# Technique, Theory, Playing Tips and Tricks > Theory, Technique, Tips and Tricks >  Shady Grove

## Earl Gamage

Hello folks

I am new to the mandolin but this is kind of a music question I guess.

When I first heard Shady Grove on a cd I thought it sounded like it was in a minor key.  The I saw it written in G with just G & D chords, no minors.

Then I found out reading or listening somewhere it's a modal tune and the chords are G & C, which is what I think sounded like a minor key.

How do you play Shady Grove and is it ever in a minor key?

Hope this makes some sense.

----------


## Jim Broyles

Yes, there are at least two version, one minor and one major.

----------


## Eddie Sheehy

I know it as Matty Groves - an old English ballad.  Matty Groves is in Am and is very similar to Shady Grove.  I picked it up from friends of mine - Jeff and Vida -  that used to play an Irish pub in New Orleans before Katrina.  The G modal of Shady Grove is nicely complemented by Matty Groves when played together.

----------


## onassis

I believe the Griman/Garcia version from the CD "Shady Grove" is in Dm, with the chords being Dm, C and F. I've also heard versions that were major key, just can't remember any examples right now.

----------


## foldedpath

This song is old enough to be adapted many different ways.
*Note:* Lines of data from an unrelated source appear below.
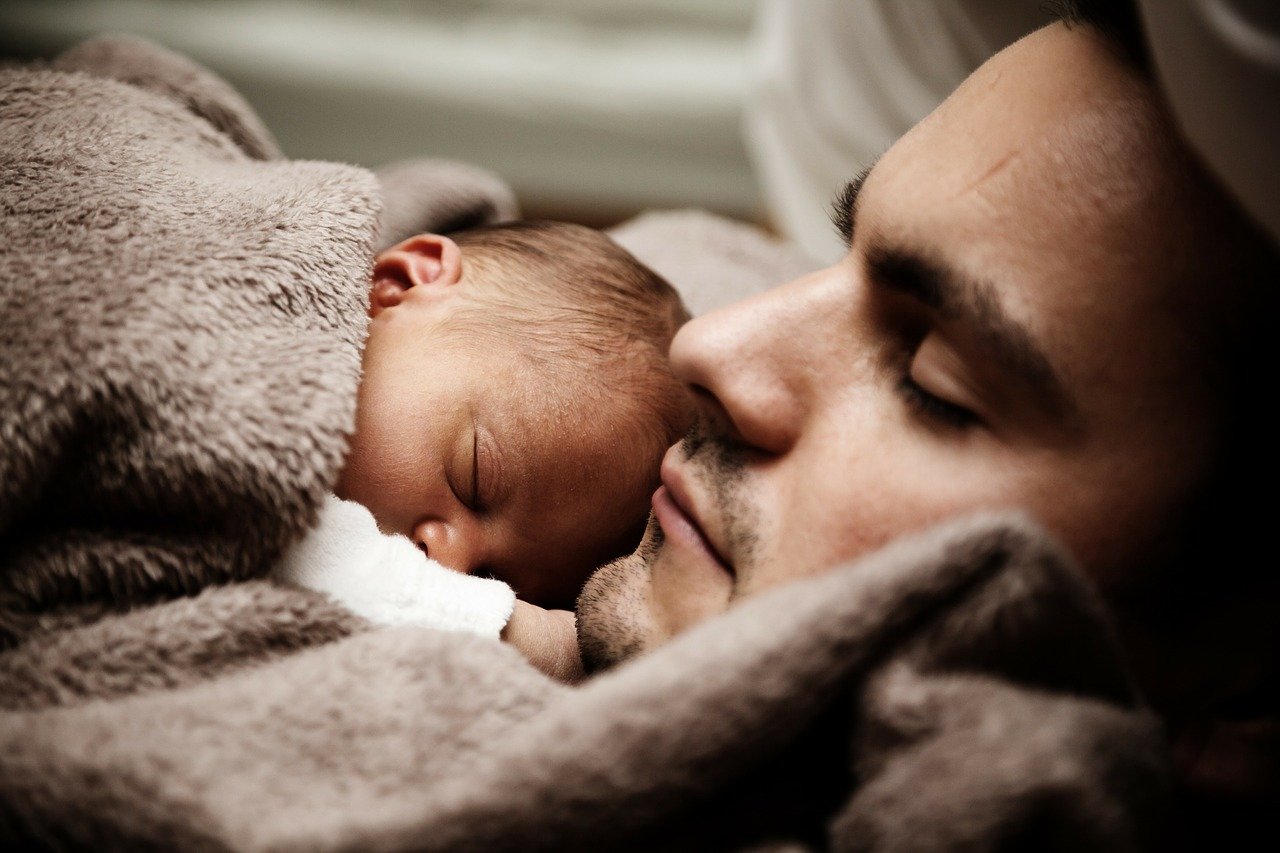 This shows a dad holding his sleeping baby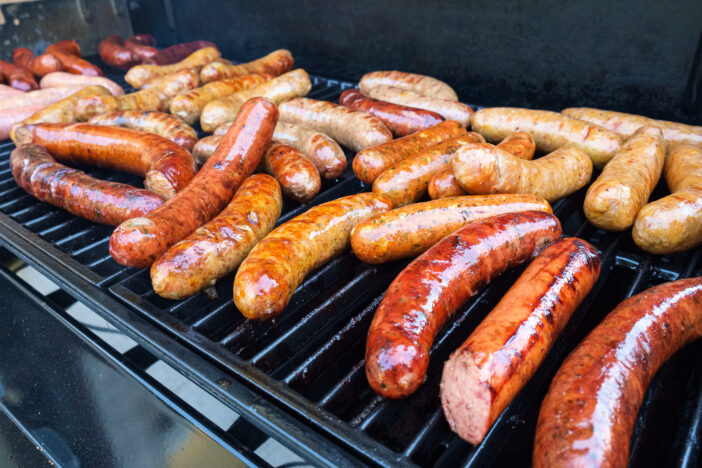 Fresh sausage and hot dogs grilling outdoors on a gas barbeque grill.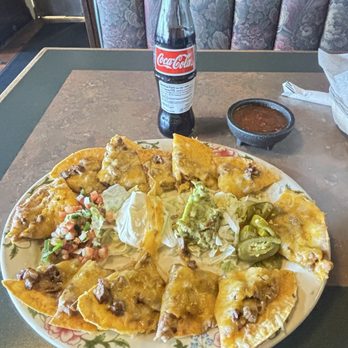 El Tapatio Mexican Restaurant - Steak nachos with a Mexican coke along - Mexican Near Me - Broomfield, Colorado El Tapatio Mexican Restaurant - Steak nachos with a Mexican coke along - Mexican Near Me - Broomfield, Colorado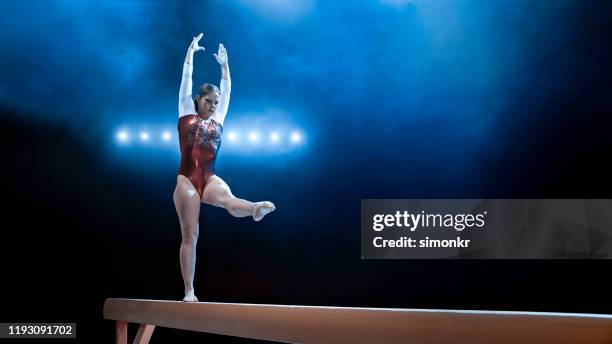 female gymnast standing on balance beam - gymnastics imagens e fotografias de stock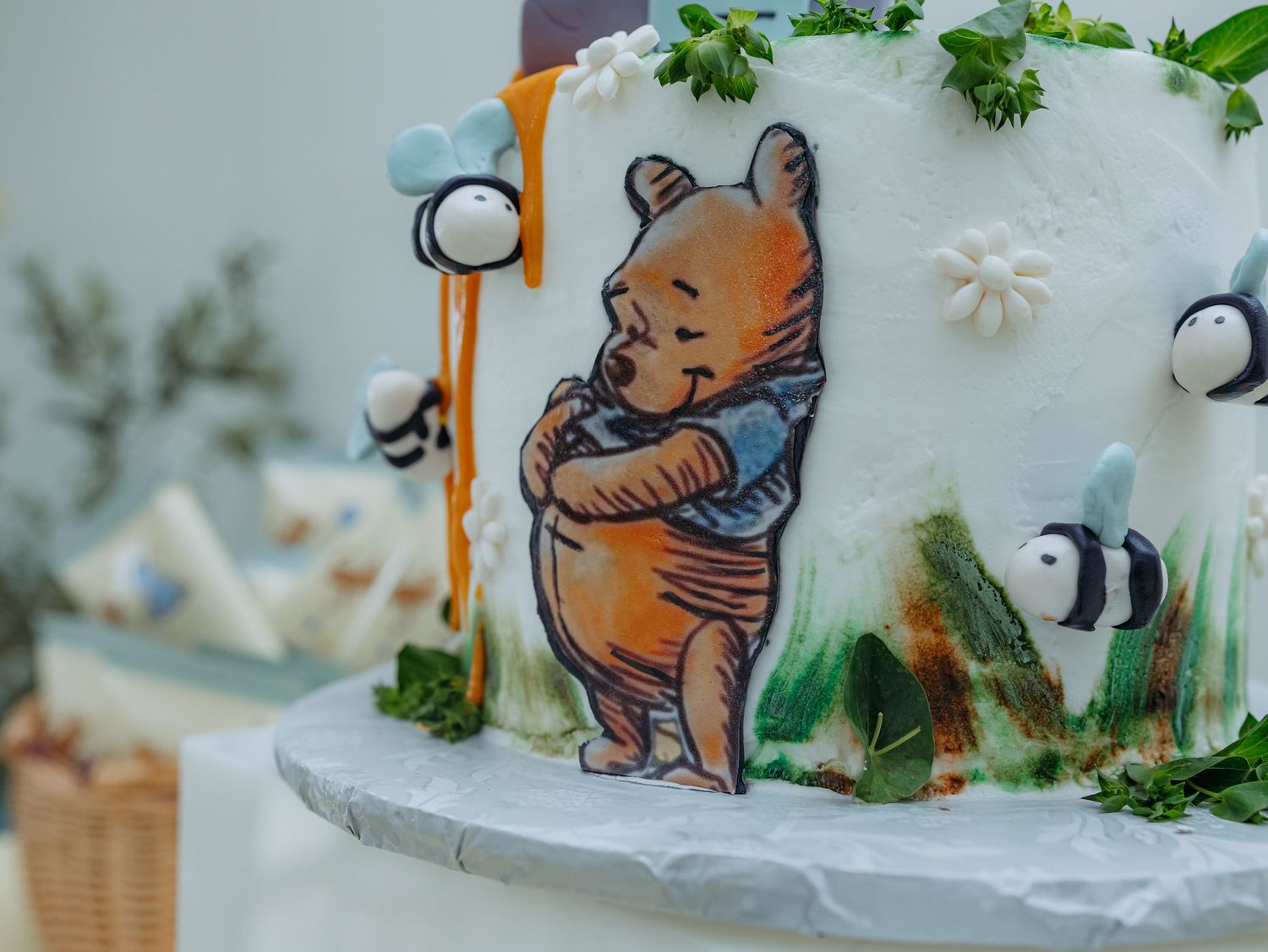 Cute cartoon bear illustrations painted on white porcelain dishes with delicate floral accents and decorative elements.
I first heard it many years ago as Matty Groves. Look up the lyrics if you're interested; it's very different from the adapted American OldTime/Bluegrass version. It's one of those ancient ballads about class differences, sex and betrayal.

One of the bands I play in does it as Shady Grove in A minor, partly because it's one of the common keys for the tune, and partly because that's an easy key for me in the the open E tuning I use on bottleneck slide guitar... just to confuse things.  :Smile: 

Here's my favorite YouTube version of the tune, with Tim O'Brien and the Chieftans. It gets a little Riverdance-ish at the end, but it's still good:

----------


## groveland

Define what you mean by the term "modal".   :Smile: 


This is the theory board, after all...

----------


## Earl Gamage

Sorry, I don't really know what the term modal means.  And I am not ignorant, at least totally, of theory.

That's just how the G-C version of Shady Grove was described to me.

Thanks for great responses though.

----------


## Jim Broyles

Bill Monroe did it major, Doyle Lawson& Quicksilver  did it just like Bill only faster. Modal tends to mean "Minor with a flat seven chord and a IV major chord" in most circles where amateur musicians get together and jam.

----------


## gregjones

No theory question but, Grisman used a mandola on the Garcis/Grisman version.

In John McGann's transcription the C string is not used until the last bars of the song as it ends.  Every other note is done on the three high strings of the 'dola.

Question:  Couldn't this all have been done on the three low strings of a mandolin?  I am fairly sure Dawg could have came up with a wonderful ending without *having* to close it on the C string.  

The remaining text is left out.